◆ **Your task**:
Each entry that follows is to be retyped exactly. Pictures do not belong in the copy.

◆ **Exercise input**:
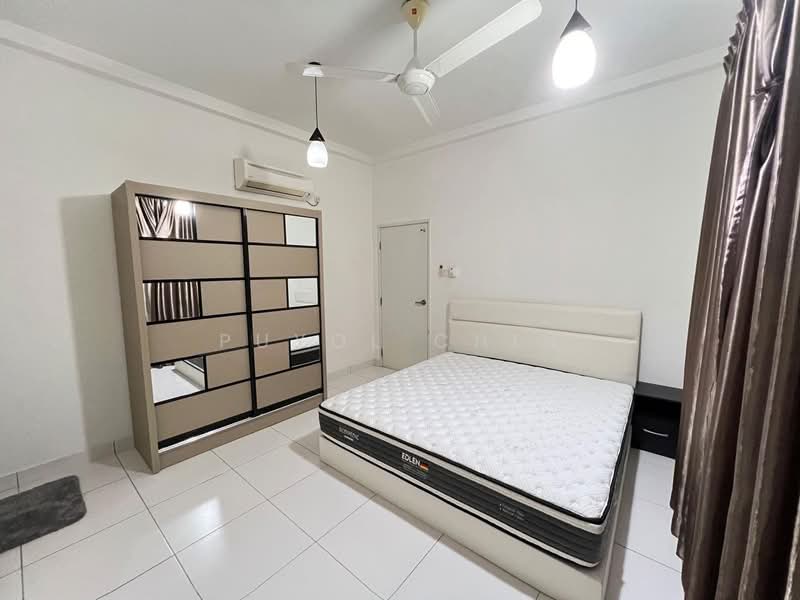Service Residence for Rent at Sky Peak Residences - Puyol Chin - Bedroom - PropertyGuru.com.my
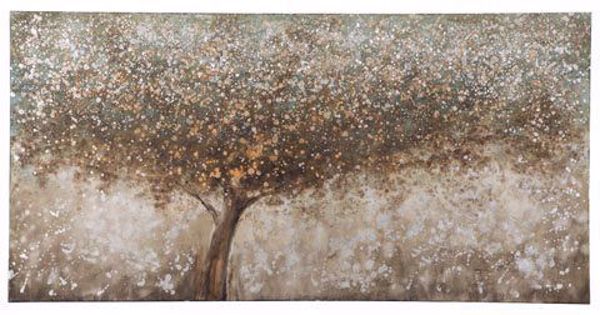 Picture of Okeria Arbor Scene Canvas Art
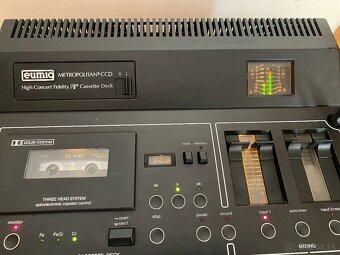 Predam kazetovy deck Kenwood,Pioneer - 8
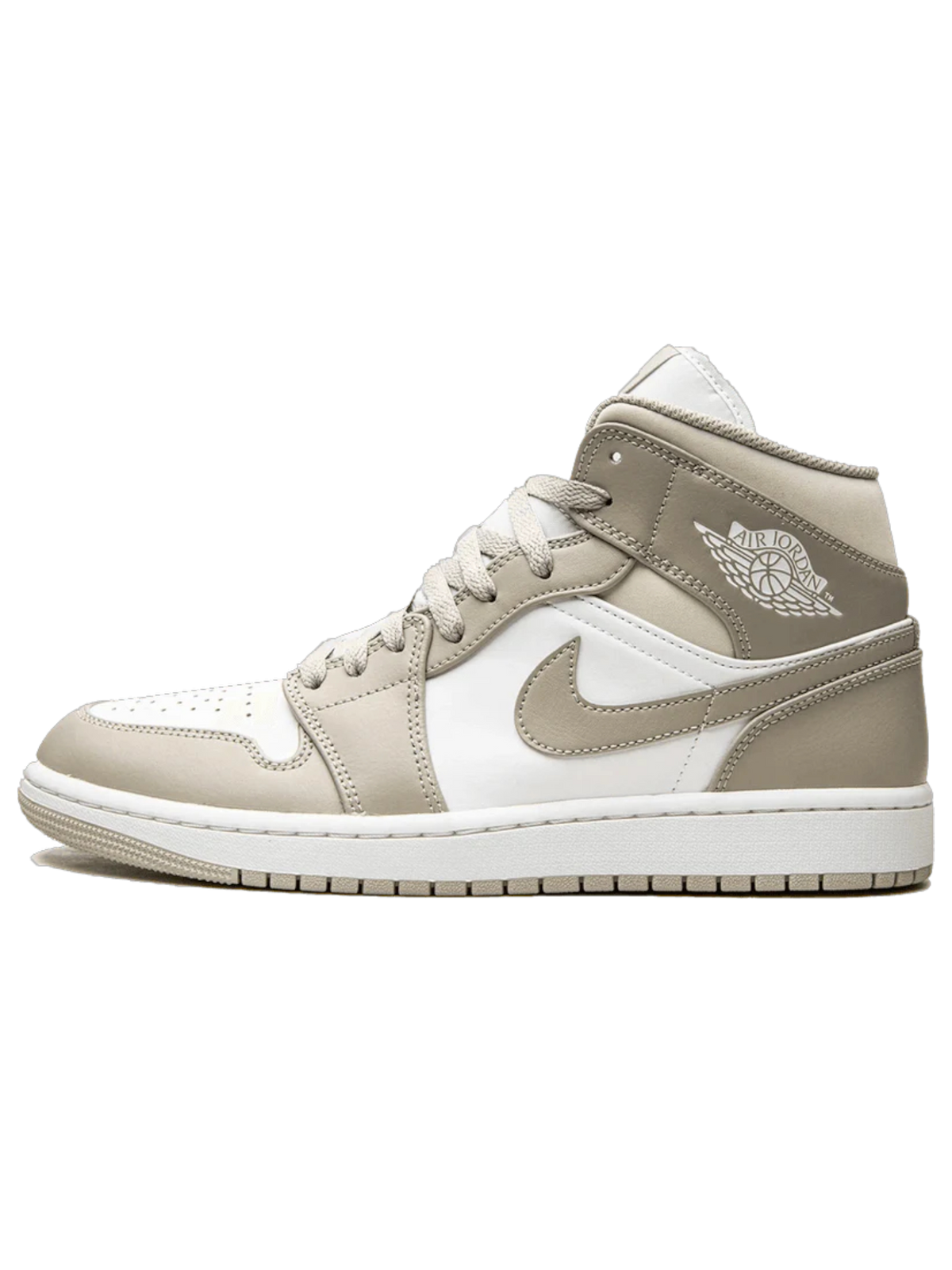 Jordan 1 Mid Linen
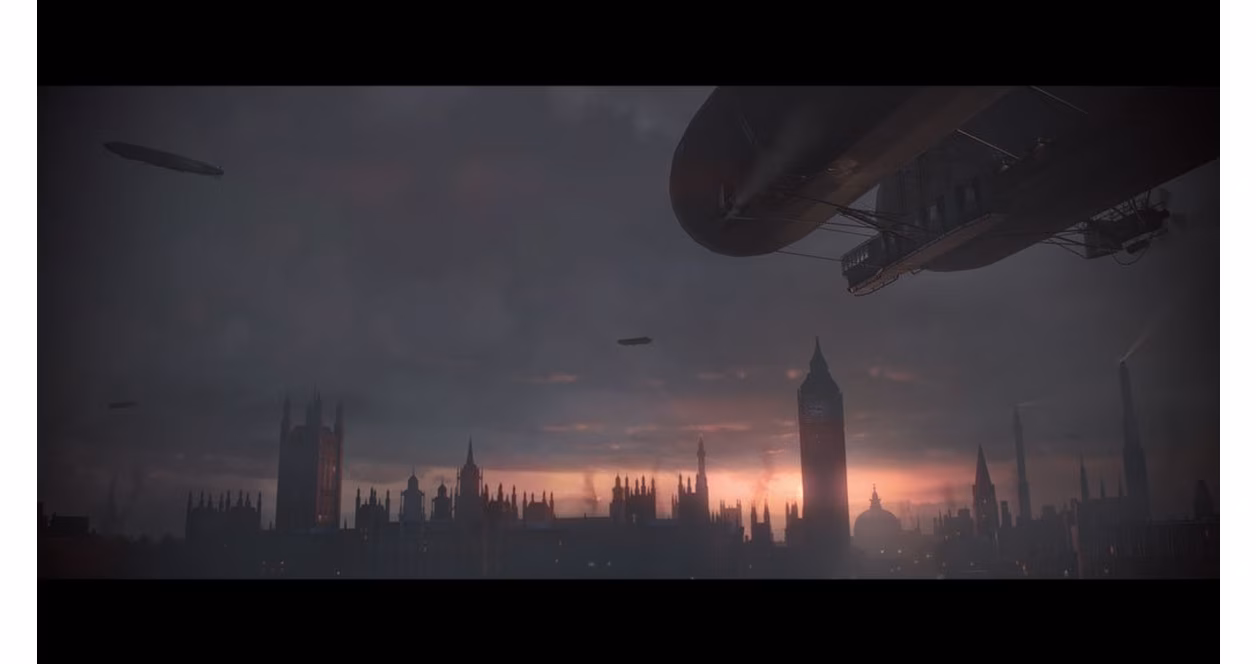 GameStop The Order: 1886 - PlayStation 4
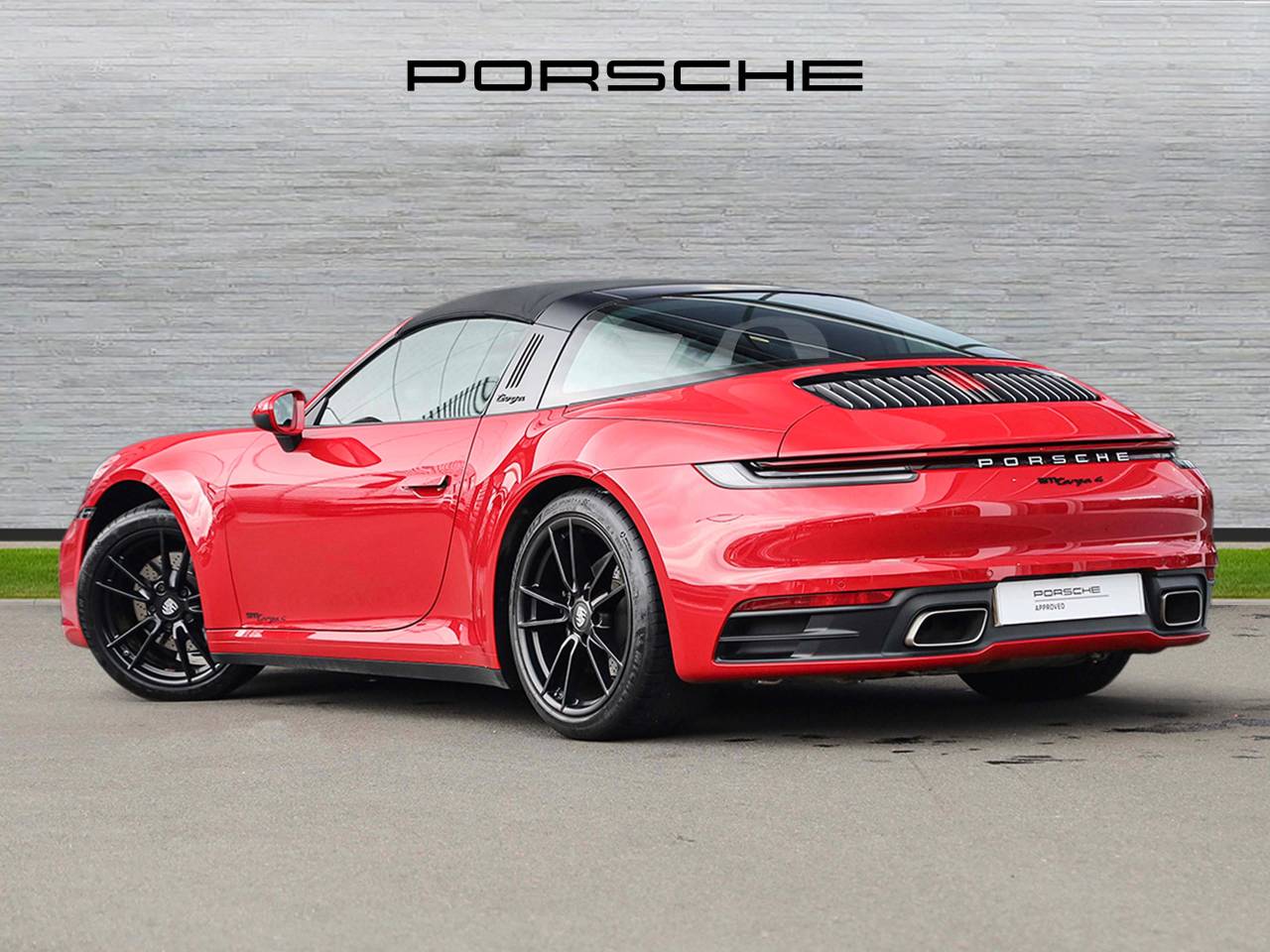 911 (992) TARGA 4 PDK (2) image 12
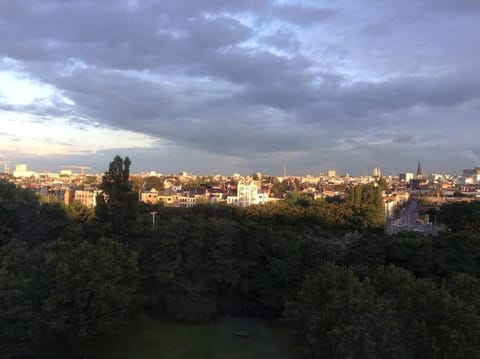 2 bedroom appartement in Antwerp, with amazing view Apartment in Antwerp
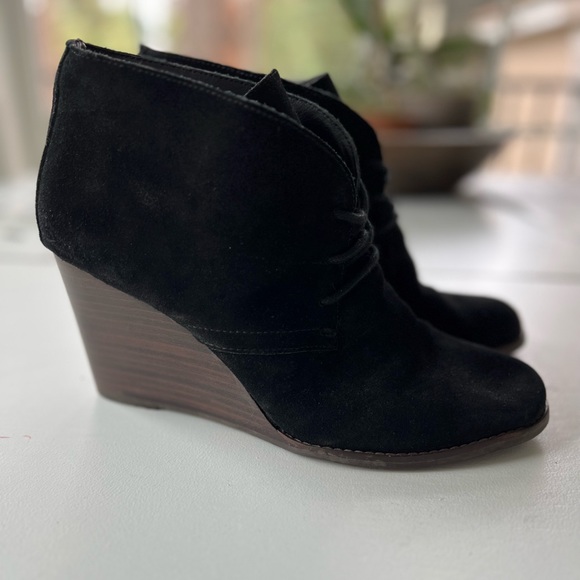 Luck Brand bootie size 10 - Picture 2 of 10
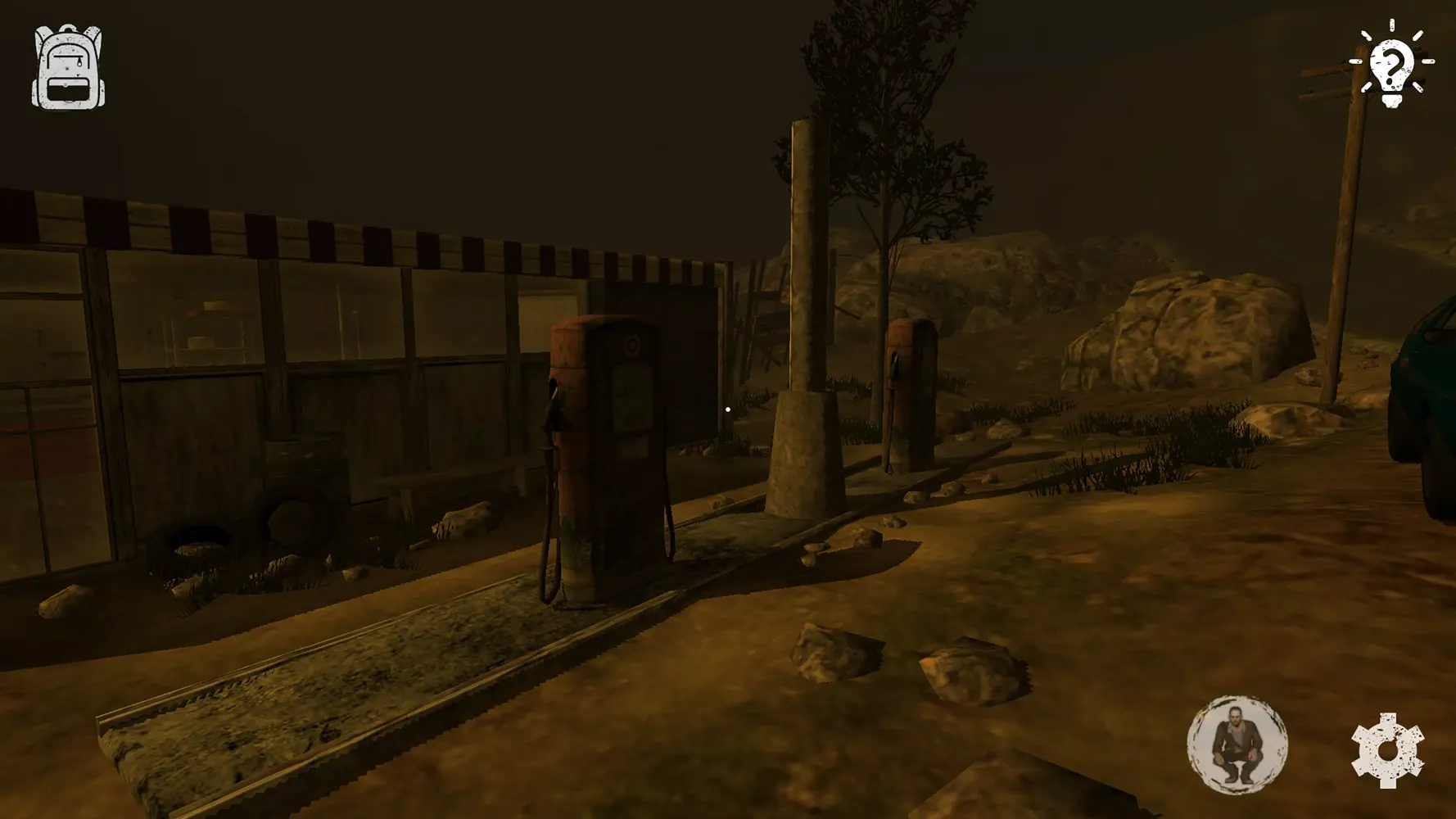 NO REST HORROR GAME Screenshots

◆ **Exercise answer**:
Service Residence for Rent at Sky Peak Residences - Puyol Chin - Bedroom - PropertyGuru.com.my
 Picture of Okeria Arbor Scene Canvas Art
 Predam kazetovy deck Kenwood,Pioneer - 8
 Jordan 1 Mid Linen
 GameStop The Order: 1886 - PlayStation 4
 911 (992) TARGA 4 PDK (2) image 12
 2 bedroom appartement in Antwerp, with amazing view Apartment in Antwerp
 Luck Brand bootie size 10 - Picture 2 of 10
 NO REST HORROR GAME Screenshots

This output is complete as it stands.